Is Calisthenics Enough?
I first started with Convict Conditioning, the book touting the ability to get SHREDDED using only the workouts you'd be able to do in a prison cell.
The issue I had with this book and didn't realize for the longest time is that there are many exercises in it that are difficult for weaklings.
For example, my weak shoulders were having an impossible time with the "Handstand pushup" movement progressions.
Step 1: Headstand
Step 2: Crow stand
Step 3: Handstand
7 more steps after that, and I was struggling just to do Step 2! Step 3 seemed impossible.
This was causing me to fall into a trap again. I figured I just needed to keep working at the 2nd step and eventually I'd get the strength I needed to progress. The problem was with me, right??
Well, not so...
When I read Al and Danny Kavadlo's book "Street Workout" I learned that there are several other shoulder progressions I can do between a headstand and an actual handstand. This has given me at least five different new movements to add to my routine that are all working various parts of my shoulder and testing my abilities to balance on my head and eventually just my hands.
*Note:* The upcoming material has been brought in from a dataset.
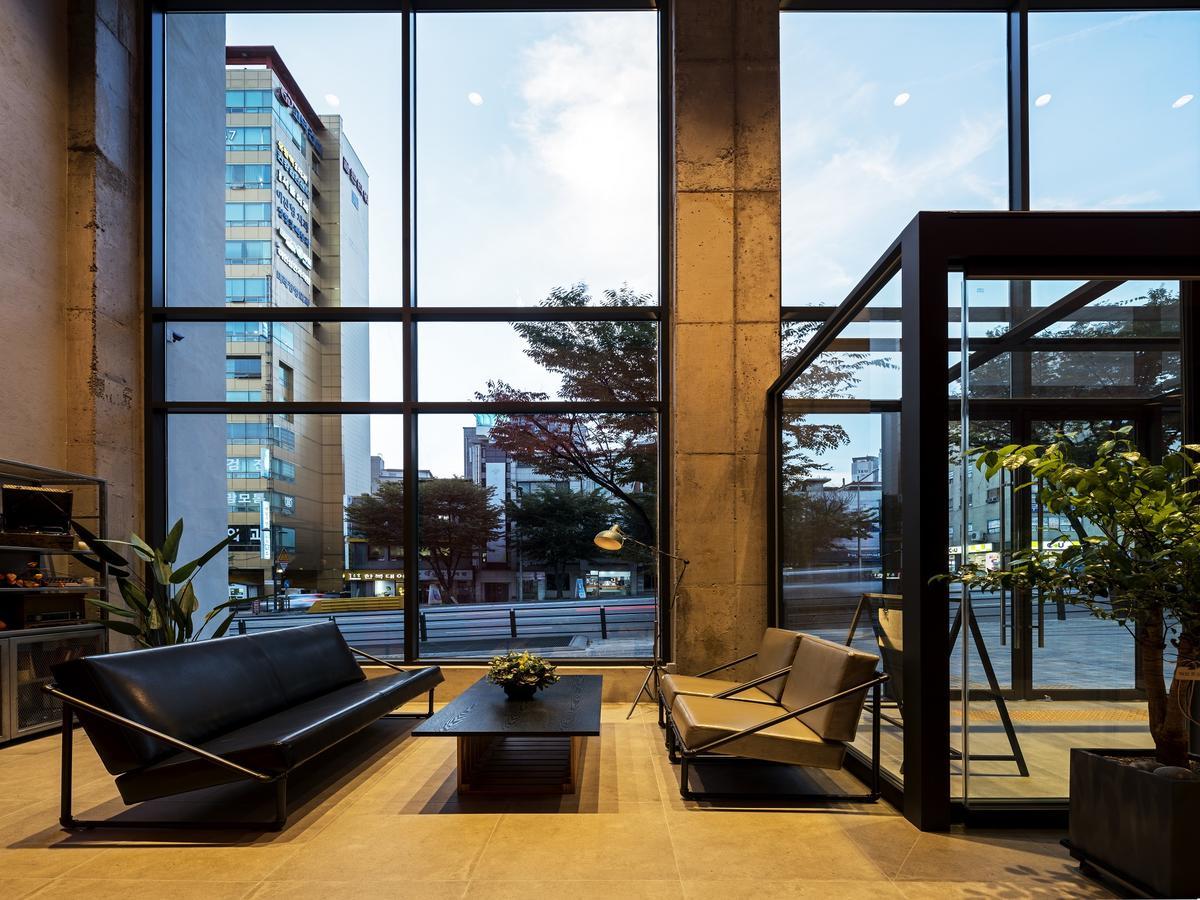 סיאול H Avenue Hotel Dongdaemun Sungshin מראה חיצוני תמונה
The callisthenic lesson learned here:
When a movement is too tough, don't just struggle with that same one... Instead, find an easier version of that exercise and do that. This is fundamentally different to me than the old powerlifting mindset of "you just didn't hit the PR today; eat more, sleep more, and try again next time."
Doing these exercises doesn't give you the same dopamine reward as lifting some heavy ass weights, but I'm starting to really enjoy it in a new way. Now, what I seek is the ability to go through a movement slowly and with complete control. When you gain this control over your body it's just as rewarding, imo.
Another thing that does give me a nice hit to the reward center is nailing down an issue. I guess this just hits my problem-solving receptors in the right way.
Doing squats recently, my right knee kept popping with every squat. After doing a dozen of them my knee would start to ache a bit, so I knew I had to fix this. I tried some stretches with limited relief.
It wasn't until I tried doing narrow squats (a move I would have never thought necessary during weight training days) that I noticed the knee popping didn't occur it all in this movement. This move requires much more work from your glutes--its practically impossible to not have your glutes fire off during this move. It made me realize my right glute wasn’t firing at all during my normal squats, and thus leading to the popping in the knee. Once I corrected this, my problem was gone. Now I have a clear roadmap for what to do to correct it.
I suspect this glute problem is likely what caused my hamstring injury during powerlifting in the first place... hundreds of pounds of weight being improperly handled, and that particular weight on that day being the tipping point.
So all of THAT SUFF was just to say...
Convict Conditioning is cool, but for weak boys, you might need extra steps to make that program manageable. You can also add more exercises to your workouts rather than strictly following what Wade offers in CC. My days under CC had literally just two movements, and now after incorporating what the Kavadlo’s teach, I have 5 to 7 depending on the day. I'm also working out 2 extra days than before. Workouts feel much more rewarding as I'm able to get a good workout and actively feel my improvements being made in several areas.
I didn't link no fuckin books cuz I'm not an amazon affiliate. Just Google em. Alright, bye.